Desta vez, não fui procurar alguém, com um carregador Nokia no bolso, à cautela por causa de alguma eventualidade - e só depois me advertiram que aí não deixam usar telemóvel -, com o propósito de obter uma explicação e a esperança de não o encontrar.

Desta vez, não abriram o meu computador sem a minha presença ou do meu advogado, aliás nem reparei em qualquer selo quando por lá o encontrei depois. Um computador com a minha conta bancária e de minha mulher, cartões de crédito, declarações fiscais, passwords, registo de tráfego - além de artigos, trabalhos, lições, exames e notas meus, fotografias da família, escritos de minha mulher, desenhos e jogos das crianças, etc.. Nem vi escarrapachados nos apensos detalhados do processo em cinco volumes grossos, impressos os meus mails, os tais que não estavam autorizados a apreender, e os meus recados do Outlook do tipo da gravidade de mensagens criptológicas como "comprar pneus para o carro".

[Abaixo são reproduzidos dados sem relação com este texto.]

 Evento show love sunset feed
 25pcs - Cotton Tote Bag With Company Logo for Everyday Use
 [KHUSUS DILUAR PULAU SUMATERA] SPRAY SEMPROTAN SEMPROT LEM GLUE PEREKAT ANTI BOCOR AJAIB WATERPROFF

Desta vez, não fui, ainda, a julgamento - mas irei, que não me perdoam a verdade (factos, factos, factos)... - e, portanto, não senti em quem julgava a cólera devida ao grande criminoso que eu era, nem me mandaram calar por ter arriscado a citação do subversivo Padre António Vieira ("se servistes a Pátria..."), nem impedem o meu combativo advogado, Dr. José Maria Martins, de me questionar directamente nem de me fazer certas perguntas inconvenientes, embora no interrogatório me possam exigir que descruze as pernas onde tenha assente algum bloco para escrever. Respeitinho!